United invests $15M in carbon capture-sustainable fuel effort

United CEO Scott Kirby (L) speaks with Axios' Joann Muller (R) at the What's Next Summit.

United CEO Scott Kirby (L) speaks with Axios' Joann Muller (R) at the What's Next Summit. Photo: Ron Flores for Axios

United Airlines is investing $15 million in a carbon capture startup developing technology that may eventually be used to capture and compress CO2 for use in producing sustainable aviation fuel (SAF), the company announced Wednesday.

  • The startup, Svante, plans to use the funds to manufacture carbon capture filters in Vancouver, Canada, at commercial scale.

How it works: Svante's filters are designed to capture CO2 from industrial sites or the atmosphere. It would then be compressed for potential use in SAFs, or sequestered underground.

Catch up quick: It's the latest investment from United's Sustainable Flight Fund, a multimillion-dollar, cross-industry effort to support SAF startups and R&D.

What they're saying: "Instead of just buying SAF, we're taking the money to invest in companies that are building the industry," United CEO Scott Kirby told Joann Muller at Wednesday's What's Next Summit.

  • "We're giving them the startup capital to go develop the technology and to do the R&D and see what works and what can scale to commercial size and grow the industry."

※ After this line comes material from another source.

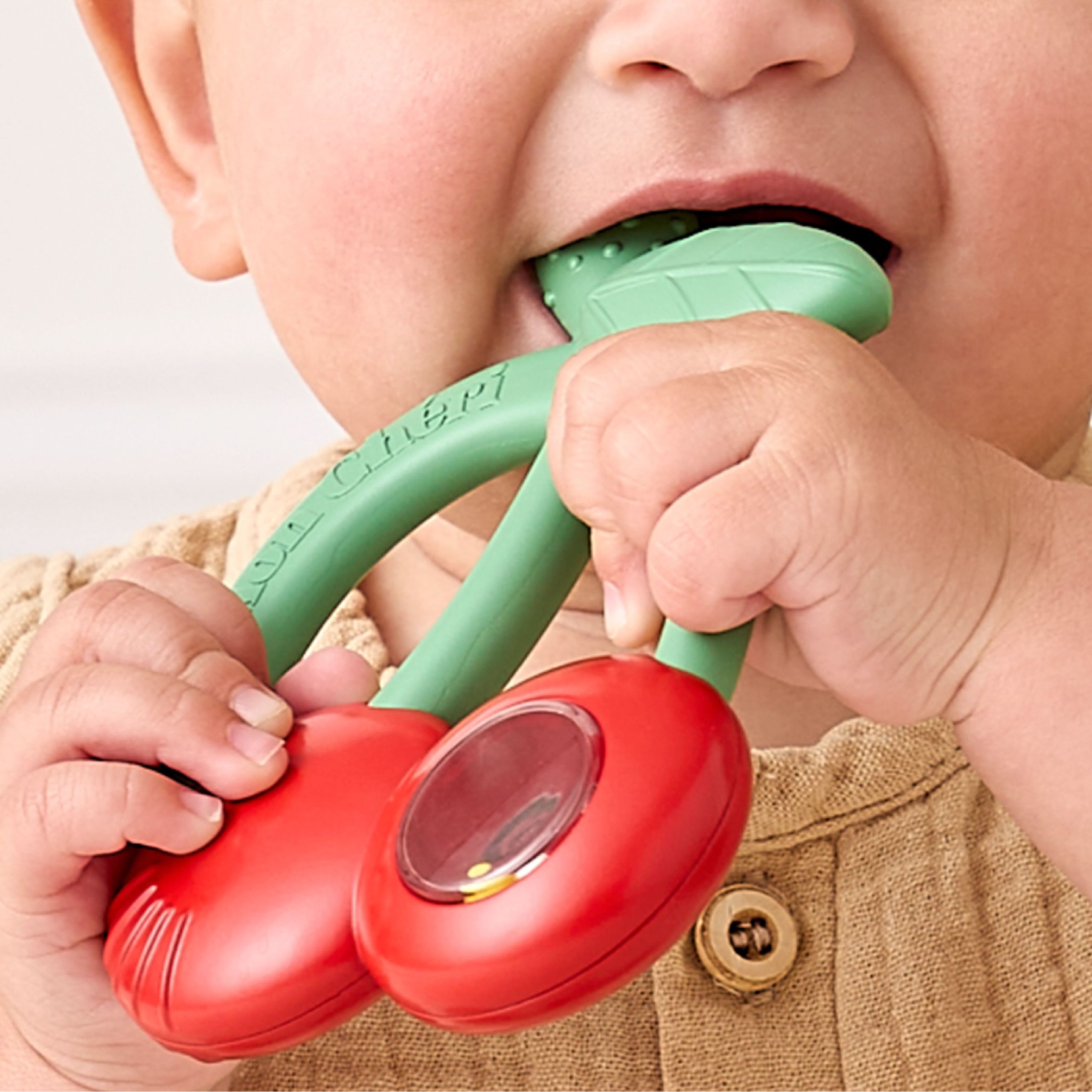 Bitzy Shake™ Rattle and Teether - Image 14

The big picture: Airlines and aircraft manufacturers are under tremendous pressure to decarbonize.

  • United, for example, aims to go emissions-free by 2050 — without using carbon offsets.
  • SAFs, currently made from used cooking oil and industrial waste, are seen as a short- to medium-term way to reduce aviation emissions.

Yes, but: SAF production needs to increase notably and quickly in order to have anything more than a negligible impact.

What's next: Efforts to power aircraft with electric power or hydrogen are underway — but still in their early days and facing significant headwinds.

  • Today's battery technology can't support long-haul flying, Kirby said, while hydrogen requires much more volume to provide the same amount of energy as today's jet fuel — hence the company's focus on SAFs.

Editor's note: This story has been corrected to reflect that United is investing $15 million in Svante, not $5 million as the company first announced.